Scarcity and Intelligence Amplification

I don’t have tons of time to discuss the article but I found it while studying and it is pretty interesting. It links together artificial and real scarcity with IA. It seems to make the point that scarcity will always be around, just not ‘physical’ scarcity.

Decline of Scarcity

Nuclear Cyberwarfare

In class we discussed an internet attack DDoS, or distributed denial of service. I found this article, Spamhaus vs Cyberbunker  on arstechnica, a very interesting look into massive scale DDoS attacks.  Summarizing the article, Spamhaus is a major anti-spam company while Cyberbunker is a major spam, among other questionable things, hoster. Due to Spamhaus blacklisting them, Cyberbunker decided to retaliate through internet warfare.

Because Cyberbunker has unbelievable resources they generated an attack reaching 300 Gb/s in bandwidth. This kind of attack would take down all but the most prepared web services. Cyberbunker has the motto about hosting which goes something like anything goes ‘except child porn and anything related to terrorism’. With Cyberbunker generating so much traffic the backbone tier 1 routers could go down.

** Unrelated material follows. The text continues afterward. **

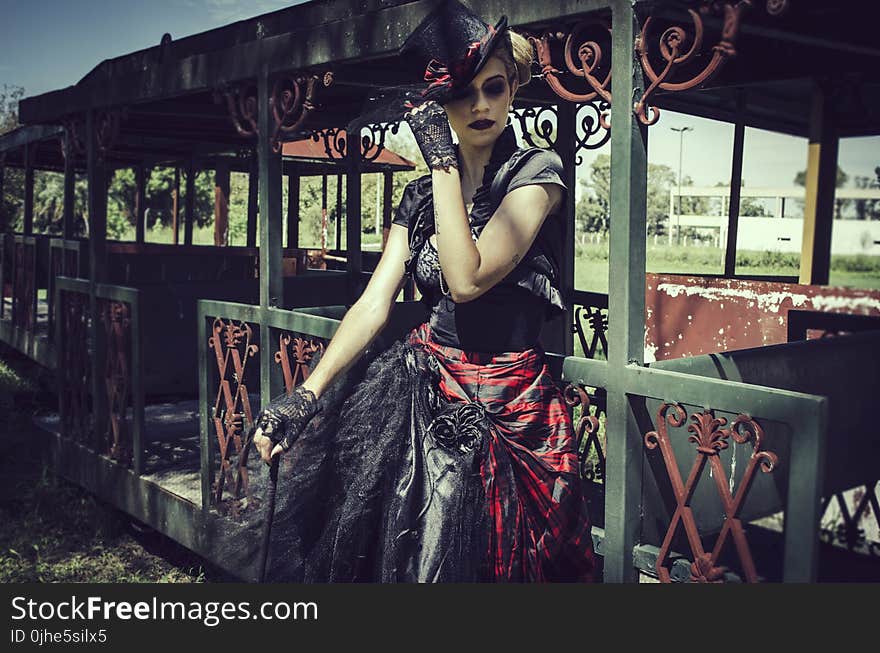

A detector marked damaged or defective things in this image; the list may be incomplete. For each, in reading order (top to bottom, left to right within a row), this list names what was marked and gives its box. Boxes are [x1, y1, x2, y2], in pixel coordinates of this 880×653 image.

rusty metal surface [100, 298, 131, 466]
rusty metal surface [209, 318, 258, 506]
rusty metal surface [648, 402, 776, 580]
rusty metal surface [644, 272, 880, 362]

This could disrupt THE ENTIRE internet. In my opinion, this is terrorism. The internet is such a precious resource I believe we need to take an active role in protecting it.

The United States government is happy to go abroad and foil terrorist and other illegal efforts. Should they get involved in this battle? If we were to get involved, would it be to directly undermine the government (the Netherlands) since they fail to control Cyberbunker? Possibly a third option, if a country is unwilling or unable to disrupt its own terrorist activities, should we take action onto that country?

DRM for HTML

While perusing hacker news I came upon this blog post BBC Attacks the Open Web. In a quick summary, the web was created with open ideals, HTML is the leading example.  Companies, Google, Microsoft, Netflix, and the BBC,  who have publicly stated similar goals along the lines of promoting of creativity and the sharing of information are attacking their own ideals in search of profits. The BBC in 2010 tried to support DRM for their online HD broadcasts because the license-holders of the content threatened to disallow BBC from using their content. So they are not entirely to blame. Their full submission can be seen here.

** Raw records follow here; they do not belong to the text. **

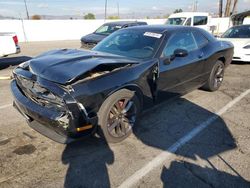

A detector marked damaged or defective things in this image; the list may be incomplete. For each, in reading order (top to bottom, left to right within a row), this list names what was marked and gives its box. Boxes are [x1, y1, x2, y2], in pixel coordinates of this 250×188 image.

crumpled hood [29, 48, 139, 84]
damaged front bumper [11, 77, 97, 143]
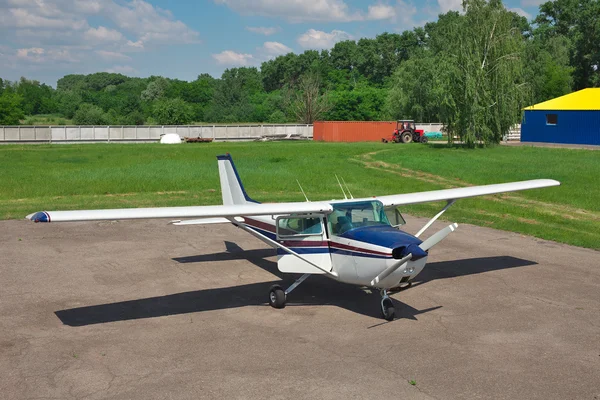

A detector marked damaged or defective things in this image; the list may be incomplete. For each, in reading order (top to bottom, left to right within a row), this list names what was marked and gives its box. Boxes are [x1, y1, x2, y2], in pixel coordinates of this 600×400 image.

cracked pavement [1, 217, 600, 398]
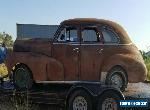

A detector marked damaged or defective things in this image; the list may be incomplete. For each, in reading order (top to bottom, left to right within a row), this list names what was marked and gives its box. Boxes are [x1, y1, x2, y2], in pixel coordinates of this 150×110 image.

rusted car body [5, 18, 146, 90]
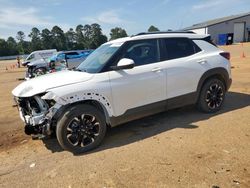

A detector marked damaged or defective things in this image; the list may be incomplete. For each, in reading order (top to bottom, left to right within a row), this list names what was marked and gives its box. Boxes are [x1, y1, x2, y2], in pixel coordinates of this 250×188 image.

crumpled hood [12, 70, 94, 97]
front bumper damage [14, 94, 62, 136]
damaged front end [14, 94, 62, 137]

I think this relates directly with our classroom discussions. This API, Encrypted Media Extensions, would allow web content to be distributed in a controlled manner. As we have discussed, creators need to be rewarded for their creations, but in order to continue improving, access to this material needs to be relatively unrestricted. As we also discussed, DRM does not expire. Even the ludicrous American copyright law, expiration 75 years after death, does mean there’s an eventual end to the restrictions.

What would this mean for the future of the web? If content could be easily encrypted and people had to start paying for the majority of internet content, I think it could get really ugly. I know I would be out of a job if I couldn’t find free quality content with a quick Google search. If I had to pay for most everything on the web I would never make any money.